Exercise objective:
Every line containing the word "with" is to be copied from the data below.

Records for the task:
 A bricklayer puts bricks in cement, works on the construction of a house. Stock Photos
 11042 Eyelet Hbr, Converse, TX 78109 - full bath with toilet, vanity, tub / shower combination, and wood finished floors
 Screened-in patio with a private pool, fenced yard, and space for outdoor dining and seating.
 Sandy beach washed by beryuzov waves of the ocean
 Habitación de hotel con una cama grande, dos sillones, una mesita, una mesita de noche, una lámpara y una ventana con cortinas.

Response box:
 11042 Eyelet Hbr, Converse, TX 78109 - full bath with toilet, vanity, tub / shower combination, and wood finished floors
 Screened-in patio with a private pool, fenced yard, and space for outdoor dining and seating.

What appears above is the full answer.